### Required action
With the pictures left aside, write out the entries that follow exactly.

### Supplied material

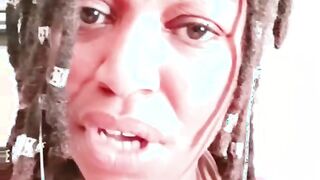 Madame President Xanthi Sparkle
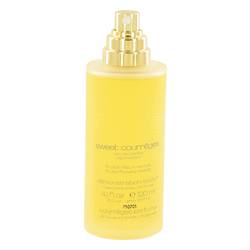 Sweet Courreges Perfume by Courreges 4.1 oz Eau De Toilette Spray (Tester)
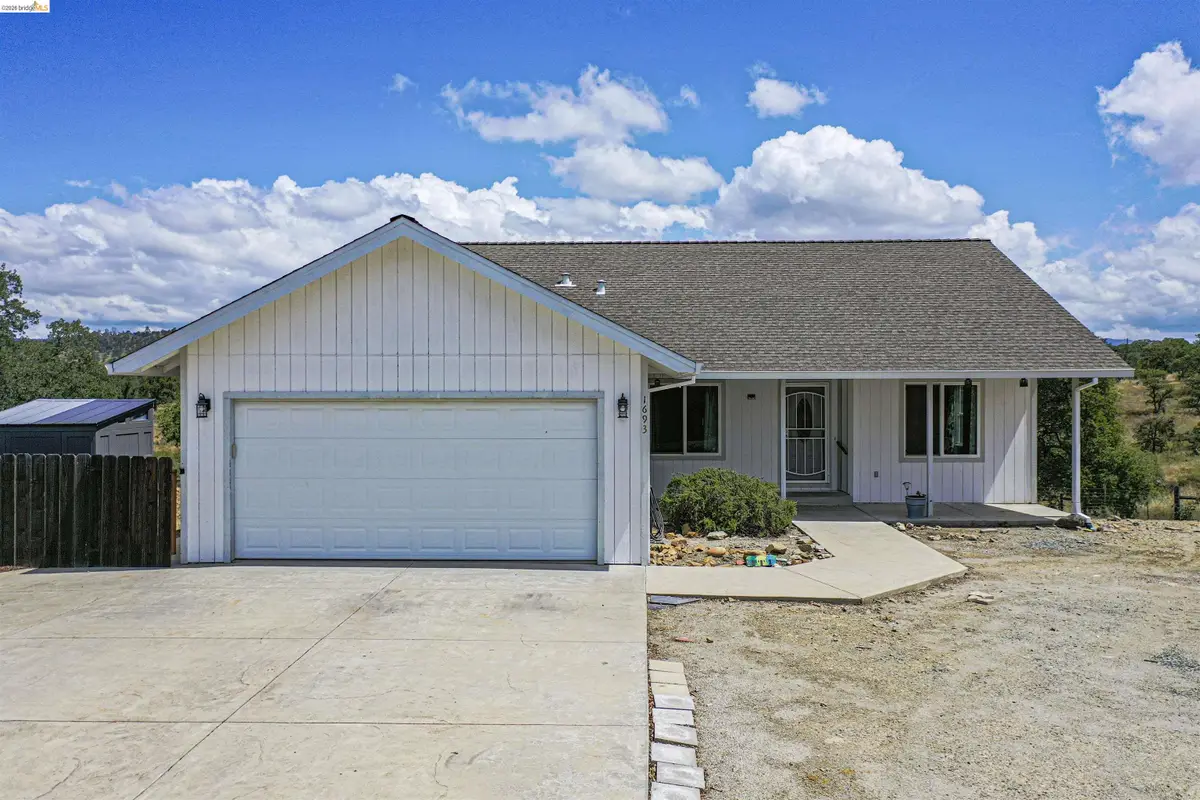 1693 Carmelita Ln, La Grange, CA 95329 - #1
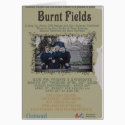 Burnt Fields card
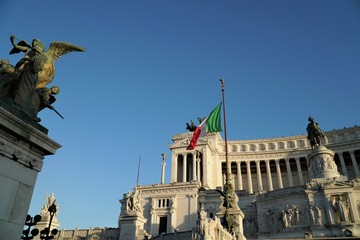 Fototapeta premium italy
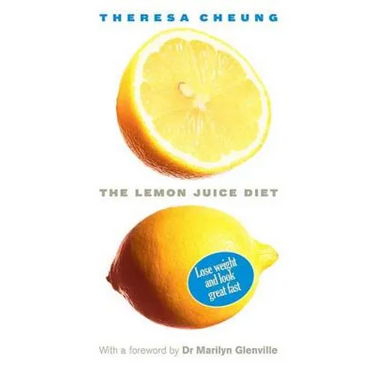 The Lemon Juice Diet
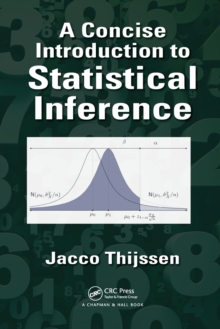 Concise Introduction to Statistical Inference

### Response below
 Madame President Xanthi Sparkle
 Sweet Courreges Perfume by Courreges 4.1 oz Eau De Toilette Spray (Tester)
 1693 Carmelita Ln, La Grange, CA 95329 - #1
 Burnt Fields card
 Fototapeta premium italy
 The Lemon Juice Diet
 Concise Introduction to Statistical Inference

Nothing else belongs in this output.